Das digitale Universum und die Welt, die wir kennen
Die digitale Welt existiert nicht in einem Vakuum - auch wenn ihre Architekten so tun, als ob sie es täten. Ein Mechanismus, der lange Zeit die digitalen Innovator*innen in den meisten, wenn nicht sogar allen großen privaten Tech-Unternehmen gestützt hat, ist die Risikokapitalbranche, die immer noch so weiß, so männlich, so wohlhabend und in ihrer Netzwerkreichweite so begrenzt ist wie eine Gruppe von Country-Club-Bewohnern auf der Suche nach einem vierten Spieler für Bridge. Das ist das reale Modell für eine digitale Welt ohne Frauen und Minderheiten, die gleichberechtigt mitreden können. Die Wahrheit ist, dass technische Innovationen nur noch selten aus staatlichen und universitären Forschungslabors hervorgehen. Statt der IBMs, Bell Labs und Siemens der Welt, die Spitzentechnologie in gewerkschaftlich organisierten, arbeitsrechtlich geschützten Zentren entwickeln, hat das 21. Jahrhundert eine Armee von “Start-up“-Unternehmen hervorgebracht, die von privaten Trusts finanziert werden, die wiederum von Risikokapitalgebern und Private-Equity-Finanziers ohne viel Liebe für oder Neigung zur Einhaltung von Arbeitsgesetzen geführt werden.
Dass das Kapital hinter der Tech-Industrie überwiegend männlich ist, sollte niemanden schockieren. Was schockiert, ist die Akzeptanz der Regierungen und des privaten Sektors von Produkten und Dienstleistungen, die von einer klonartigen Clique von Experten entwickelt und finanziert werden, ohne einen Standardprozess zur Bewertung der negativen Auswirkungen dieser digitalen Innovationen auf ihre Nutzer*innen zu implementieren.
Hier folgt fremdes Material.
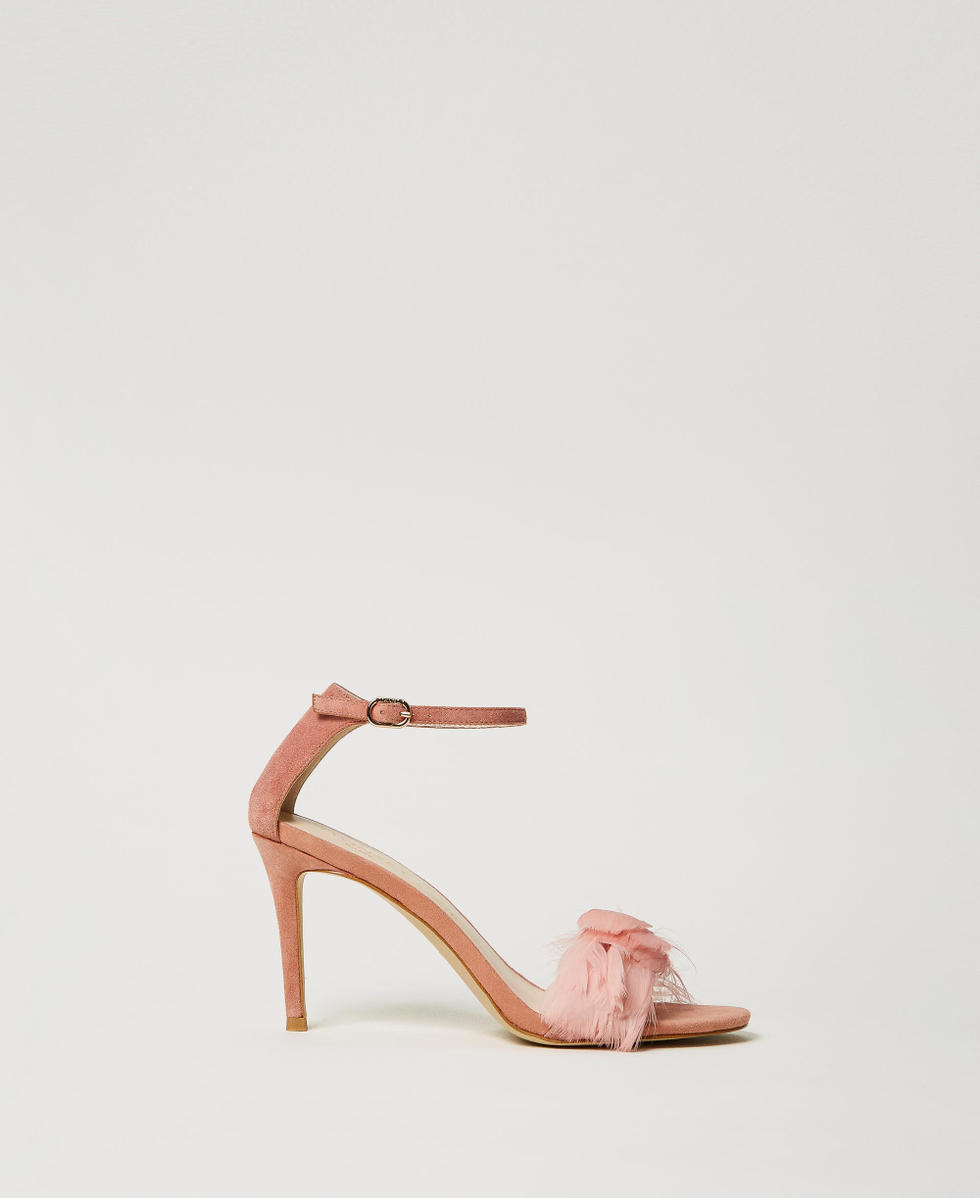 Coral pink heels shop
Wem die Technologie dient, ist eine gute Frage, aber wer ihr zum Opfer fällt, ist eine bessere Frage - angefangen bei Frauen und marginalisierten Personen , die im technischen Vakuum am wenigsten vertreten sind.
Ein digitales Reich der unbegrenzten Möglichkeiten?
Wenn wir die digitale Welt auf eine Weise umgestalten wollen, die sie zu einem Reich der Möglichkeiten für alle macht, müssen wir eine breite Repräsentation von marginalisierten Personen bei der Erprobung und Implementierung neuer Technologien fordern. Als Feminist*innen, die es leid sind, zuzusehen, wie große Tech-Giganten die unterschiedlichsten Frauen in ihren Belegschaften herabsetzen, respektlos behandeln und ausrangieren, müssen wir darauf bestehen, dass Inklusion der Maßstab ist, nach dem digitale Produkte bewertet werden. Es kann noch viel mehr erreicht werden, wenn wir fordern, dass lokale und nationale Agenturen anfangen, Teams für Technoethik zu finanzieren, die unabhängig von den großen Technologieunternehmen arbeiten. Diese Teams sollten sich aus verschiedenen Expert*innen mit unterschiedlichem Bildungs-, race-, Geschlechter- und sozialem Hintergrund zusammensetzen. Sie sollten die Aufgabe haben, sicherzustellen, dass die digitale Definition von „Mensch“ nicht durch eine einzige „Norm“ eingeschränkt wird. Zumindest erfordert die Normalisierung der Existenz einer nicht-kommerziellen, intersektionalen Tech-Ethik-Funktion, dass staatliche und individuelle Akteur*innen anerkennen, dass sich überlappende Kreuzungen menschlicher Identität(en) existieren - und Schutz benötigen, sowohl innerhalb als auch außerhalb des digitalen Raums.